Using AI in those settings in EU countries must include high levels of transparency, accuracy and human oversight.
The EU regulation bans certain applications including biometric categorisation systems, scraping internet or CCTV footage to create facial recognition databases, emotion recognition in the workplace and schools and AI that manipulates human behaviour or exploits vulnerabilities.
But New Zealand has no specific AI regulation and Collins is keen to get productivity gains from extending its use across government, including using it to process Official Information Act requests.
"It's a perfect example of how we in government could use AI because the rules around Official Information Act requests are very clear. The information or data that government agencies have access to - that can be used to actually provide OIA requests that are not held up any longer than they need to be."
An OIA request by RNZ for a government Cabinet paper on AI was turned down (by a human) on the grounds that the policy is under live consideration.
Collins said AI policy was "under very active consideration" now. "I'm trying to see if we can better use AI in our government services," she said.
"The amount of data that government agencies collect on people is enormous. But do we have any mechanism to make sure that that data is shared sufficiently so that we provide better services for people?"
She would not pursue a "big bang" approach but wanted to trial the technology in government agencies.
"I think the health sector and the education sector are both up for it. So they may have to vie for who wants to be first."
Public, expert concern
But Collins has some work to do in shifting attitudes to AI in Aotearoa.
New Zealand has the second-highest level of concern among 32 countries surveyed by market research company Ipsos.
Two-thirds of New Zealanders said AI makes them nervous, behind Ireland on 67 percent and compared with a global average of 50 percent.
In the survey, released last month, 69 percent of New Zealanders said they had a good understanding of AI and 64 percent thought it would profoundly change their lives in the next three to five years.
Just over half of New Zealanders think AI will make the spread of false information worse - again the second highest level of concern, behind Sweden at 55 percent and compared with a global average of 37 percent.
There has been concern about how fast AI is developing - even from its creators.
In March 2023 more than 1000 tech leaders, including Elon Musk, signed an open letter calling for a pause in AI development, warning of profound risks to humanity from an arms race to develop powerful digital minds not even their creators could understand or control.
In his 2021 book Scary Smart Mo Gawdat, formerly chief business officer of Google X, predicts that by 2049 AI will be a billion times smarter than the smartest human. The gap in intelligence would be similar to that between a fly and Einstein, leading Gawdat to ask, how do you convince the superbeing not to squash the fly?
One morbid metric sweeping Silicon Valley is P-Doom: the probability of doom, where zero means humanity will be fine and 100 means we're all dead. A survey recently found the average AI engineer had a P-Doom of 40 - meaning a 40 percent chance AI will wipe us out.
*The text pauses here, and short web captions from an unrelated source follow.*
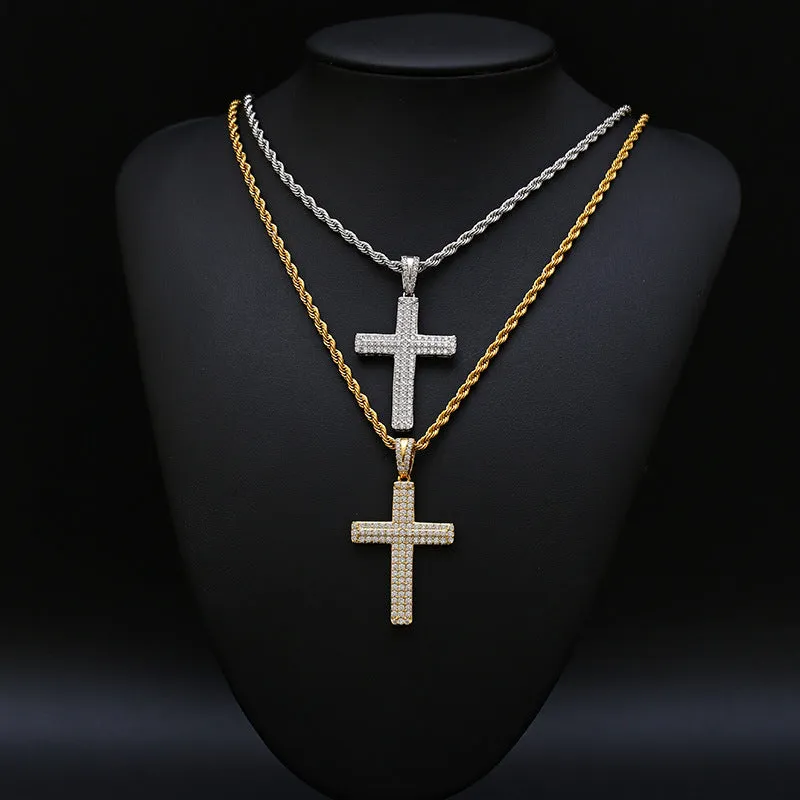 Full Diamond Cross Pendant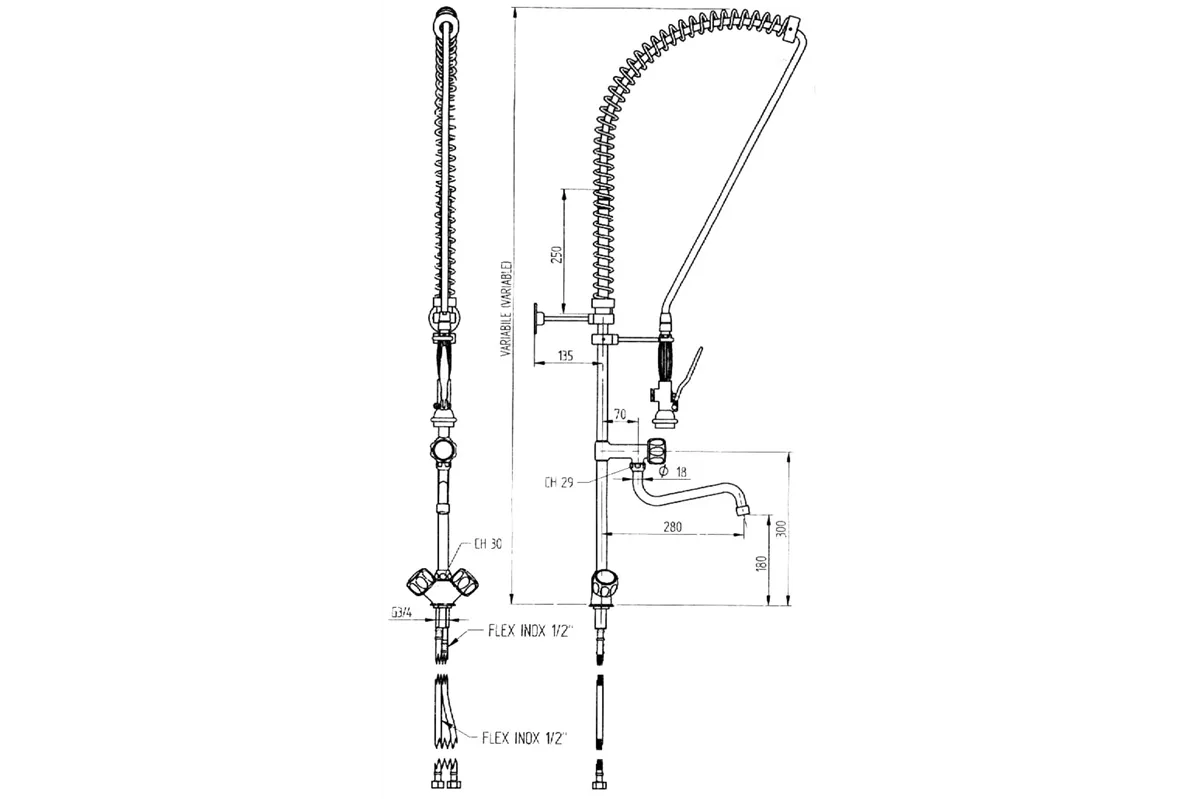 Bateria z prysznicem Hendi 970515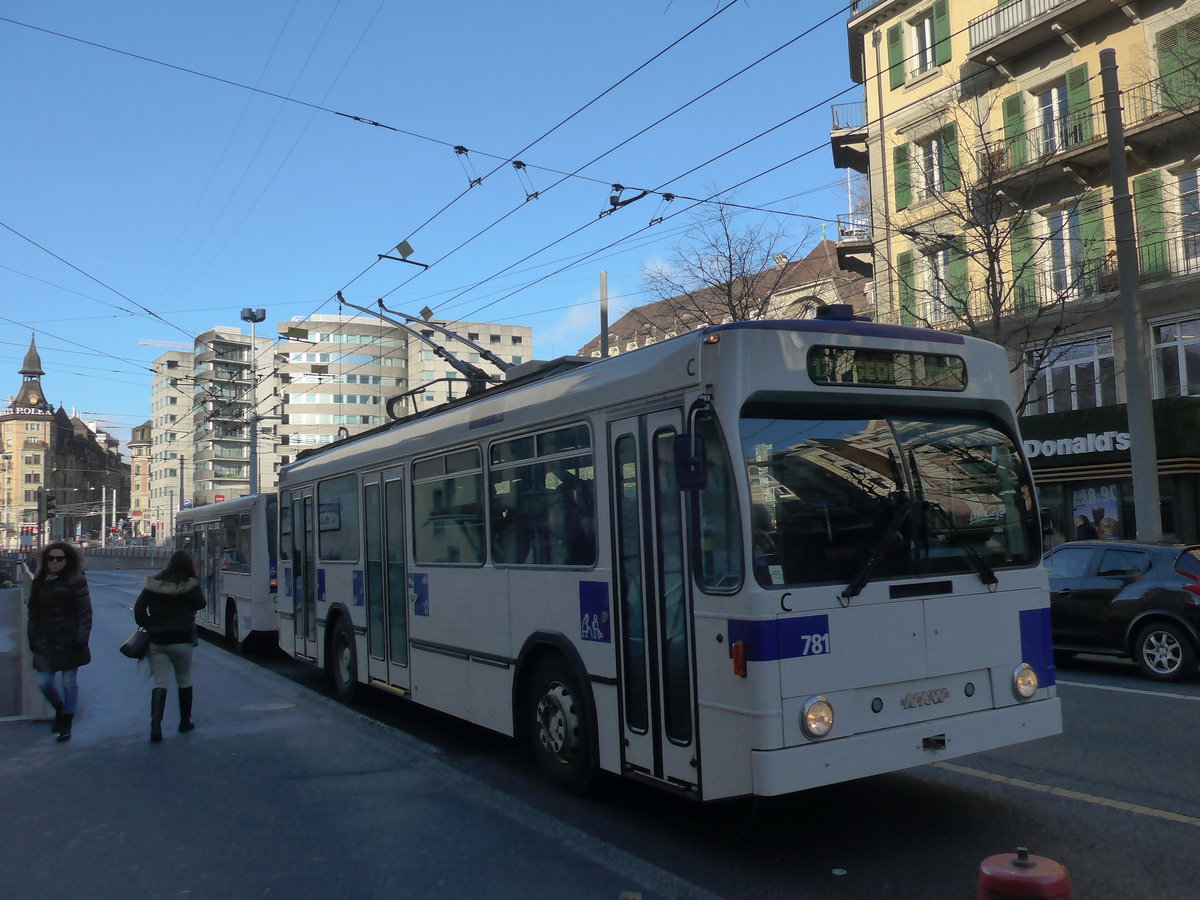 (187'154) - TL Lausanne - Nr. 781 - NAW/Lauber Trolleybus am 23. Dezember 2017 in Lausanne, Chauderon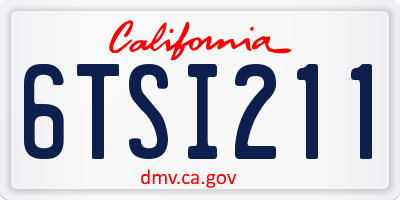 CA license plate 6TSI211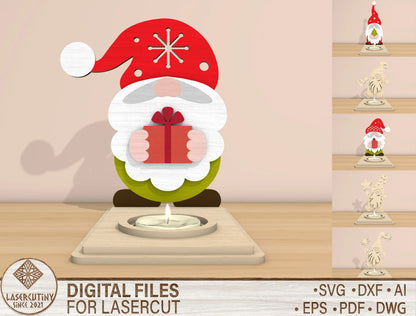 Christmas Santa Candle Holder Laser Cut File | Ready to Cut | Glowforge, xTool, LightBurn, etc. My Store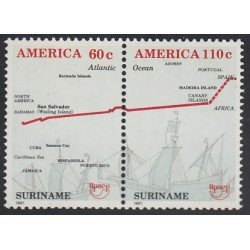 Upaep Suriname 1229/30 1991 Ruta de Cristóbal Colón MNH Upaep Suriname 1229/30 1991 Ruta de Cristóbal Colón MNH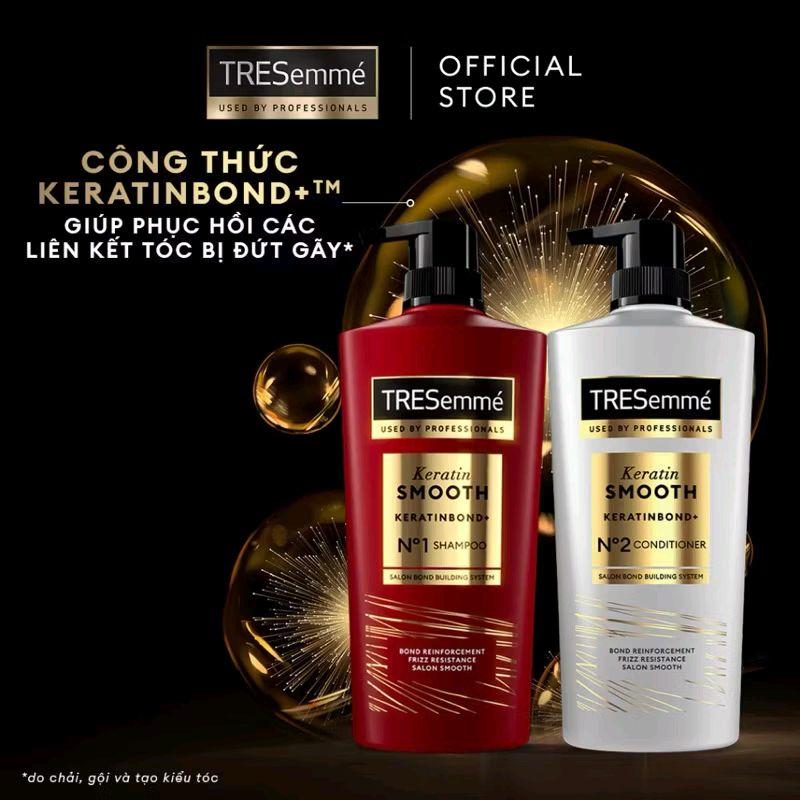 TRESemmé Combo Dầu Gội & Dầu Xả Keratin Smooth Karetin Bond+ Cho Tóc Khô Xơ Suông Mượt Công Thức KeratinBond+ 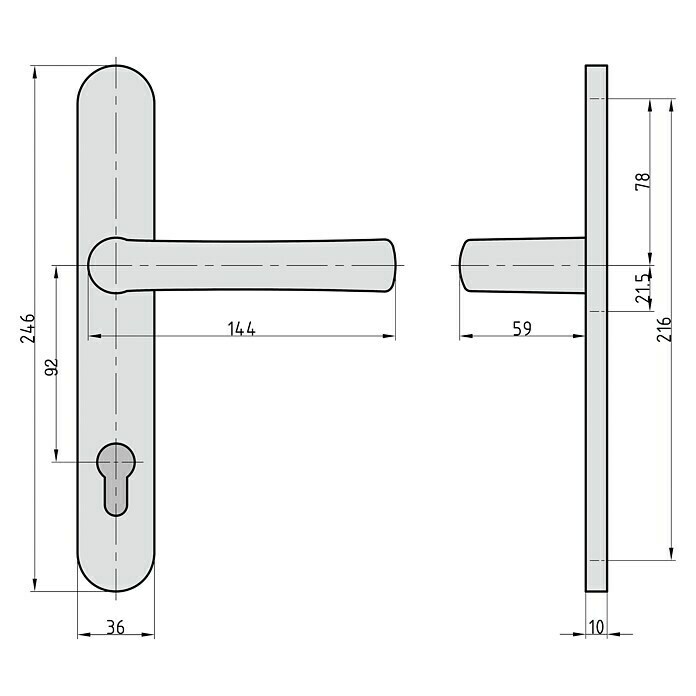 Basi Schmalrahmengarnitur SR 4100 PZ (Weiß, Profilzylinder PZ, Edelstahl) | BAUHAUS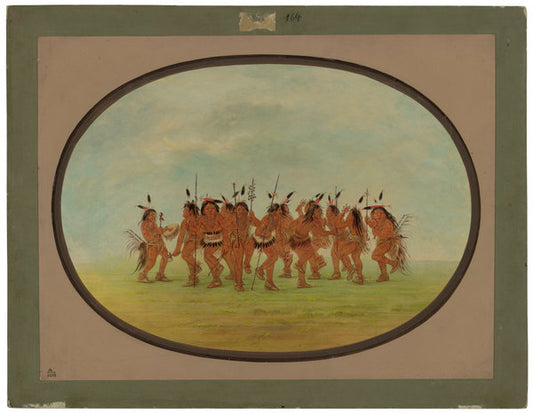 Amusing Dance - Sioux by George Catlin (American, 1796 - 1872), 16X12"(A3)Poster Print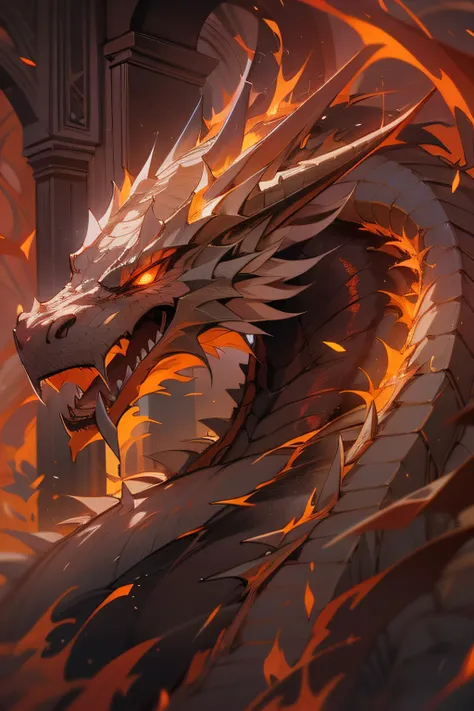 "Immerse yourself in the awe-inspiring grandeur of an enigmatic dragon bathed in the ethereal glow of infernal flames, as ancient symbols channel its mystical power."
But Collins described herself as an AI optimist. New Zealand could not stop AI so had to embrace it.
"It's like trying to stop the wind blowing. It's already here and it's going to keep going," she said. "I think we just need to stop being so frightened and actually understand that there are enormous benefits. But we have to also be aware that some people might misuse AI and we have to be ready for that too."
Using voice cloning technology in scams or disinformation and deep fakes to influence opinion were examples of this.
Collins said New Zealand already had privacy and digital identity laws that could be used to counter those uses of AI and the government was "always willing to regulate" if that was in the public interest.